A vertente factual da relação de causalidade pode constar, expressa ou implicitamente, dos factos provados ou pode ser alcançada por presunção natural nos termos do artigo 351.º. Nestes casos, perante os factos provados, as instâncias chegam à mencionada relação que naqueles não estava contida. Também o extrair ou não de presunções naturais escapa à censura deste tribunal, por estar fora dos limites do recurso de revista, o que aqui tem sido reiterado de modo muito frequente e uniforme (cfr-se os Ac.s de 9.3.95, no BMJ 445, 424, de 20.5.2004, 7.12.2005, 26.1.2006, 6.7.2006, 7.11.2006, 14.11.2006, 5.12.2006, 19.12.2006, 1.3.2007 e 24.5.2007, estes em www.dgsi.pt).

X – Ora, pode-se ler, no acórdão recorrido, o seguinte:

“O comprador da fracção dos RR. foi o interessado encontrado em consequência da actividade contratada e desenvolvida pela A; esse interessado visitou a fracção dos RR. acompanhado por um colaborador da A, em função do que apresentou uma proposta de compra, aceite pelos RR. e, não obstante ter alterado a sua proposta inicial, manifestando o seu desinteresse na compra à A, continuou sempre interessado em adquirir a fracção dos RR (resposta ao quesito 50 da base instrutória), não se tendo provado que estes tenham tido contactos com outros interessados para lá do angariado pela A, nomeadamente após a denúncia do contrato, que, singularmente, ocorreu apenas menos de dois meses antes da realização do negócio visado pela mediação.
Ora, neste enquadramento, não vemos como não reconduzir as negociações entre os RR. e o interessado angariado pela A e o próprio negócio entre ambos outorgado à actividade de mediação desenvolvida por aquela, não podendo legitimamente afirmar-se que esse negócio se finalizou sem tal contribuição, o que basta, no entendimento perfilhado, para lhe ser devida a respectiva retribuição.”

Está aqui, claramente, o estabelecimento duma relação naturalística entre a actividade que a autora levou a cabo e a concretização do negócio.

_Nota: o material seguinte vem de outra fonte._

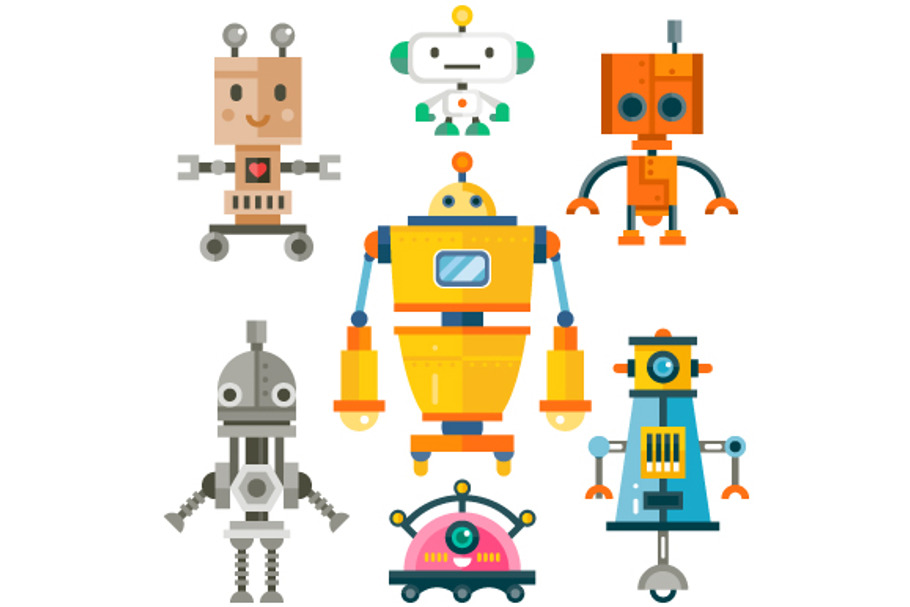 Funny Isolated Robot Set.  in Illustrations - product preview 8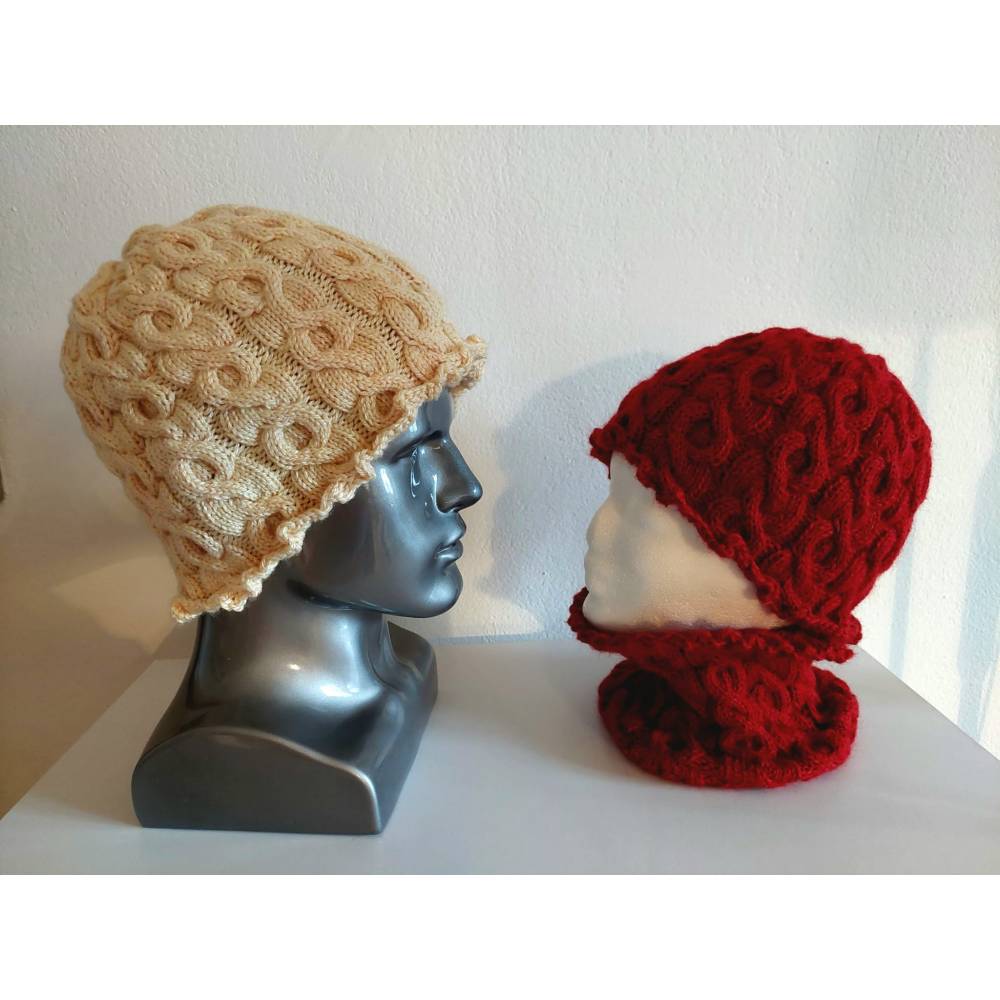 Winterset PAULINE – Strickanleitung für Mütze & Halswärmer im Zopfmuster, DK Stärke Bild 3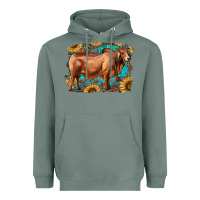 Sage brahman bull with aztec sunflower and leopard background Heavyweight Hoodie - RanaPortraitStore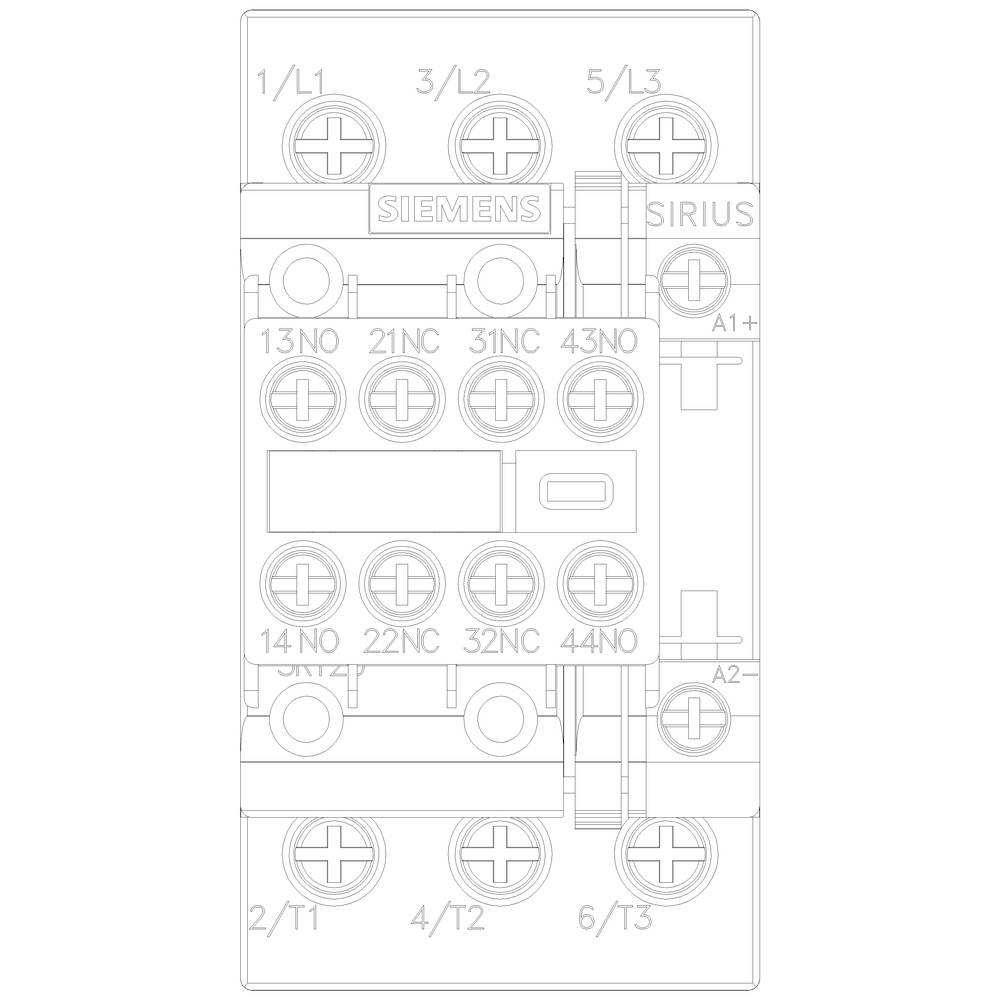 Technische Zeichnung eines elektromechanischen Schützes, Darstellung der Anschlussklemmen und Anschlüsse, mit Markierungen von 1 bis 6.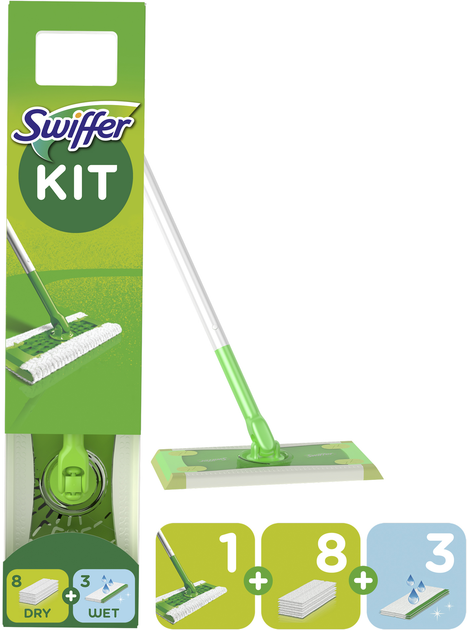 Zestaw do mycia podłogi Swiffer Dry+Wet Kit 6 szt (8006540316757) - obraz 1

A qual temos de acolher.
Fica-nos reservada apenas a questão de saber se, em abstracto, tal actividade era adequada a essa mesma concretização. Mas a resposta afirmativa não oferece dúvidas.

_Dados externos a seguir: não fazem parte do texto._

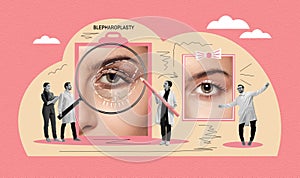 Lower blepharoplasty of eyelid, before and after. Plastic eyelid surgery. plastic surgery procedures. Doctor evaluates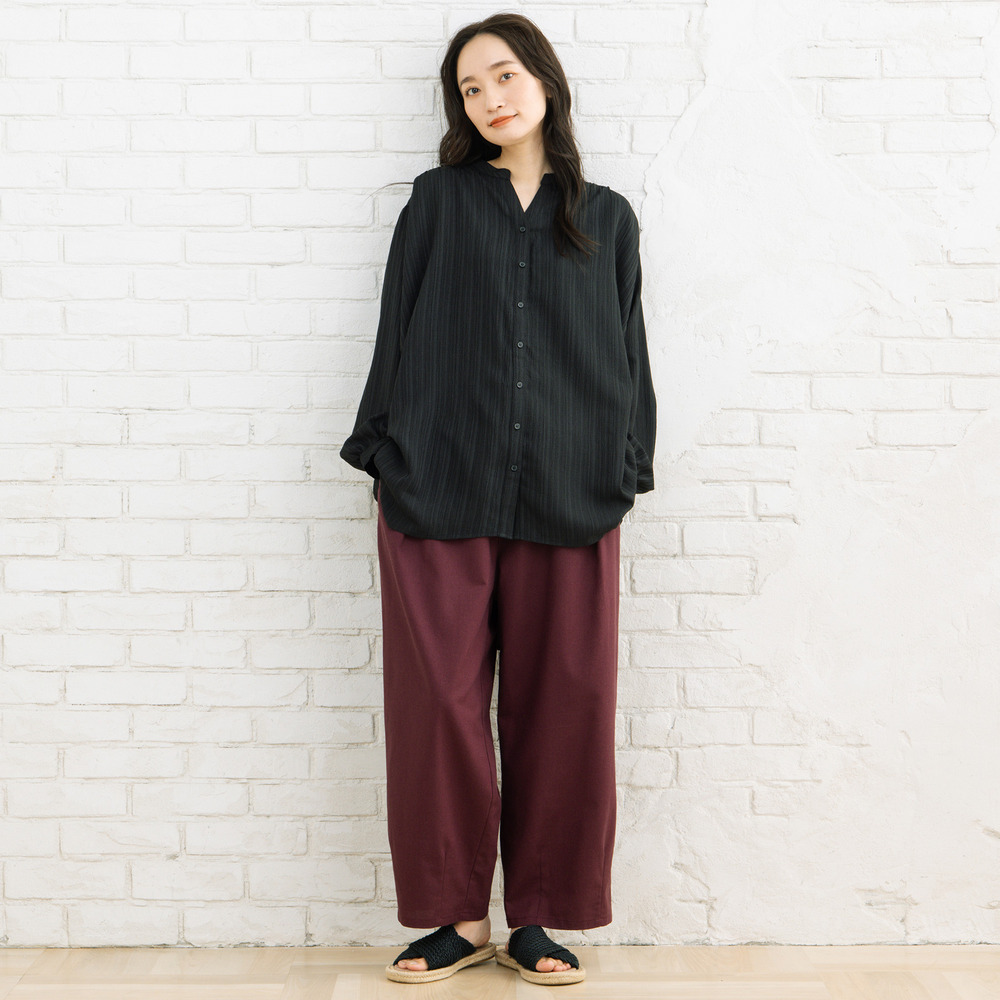 21号(6L~) 楊柳ジャカードシャツチュニック2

XI – Face ao exposto, nega-se a revista.

Custas pelos recorrentes.

Lisboa, 15 de Novembro de 2007

João Bernardo (relator)
Oliveira Rocha
Gil Roque

__________________________
(1) O que não significa que seja, necessariamente, devida por inteiro. Se concorreram várias actuações causais – como, por exemplo, no caso de contrato com vários mediadores em que a actuação de todos tenha contribuído para a conclusão do contrato – caberá ao tribunal, perante o caso concreto, fixar a percentagem retributiva de cada um (Cfr-se ainda Lacerda Barata, Estudo citado, 206).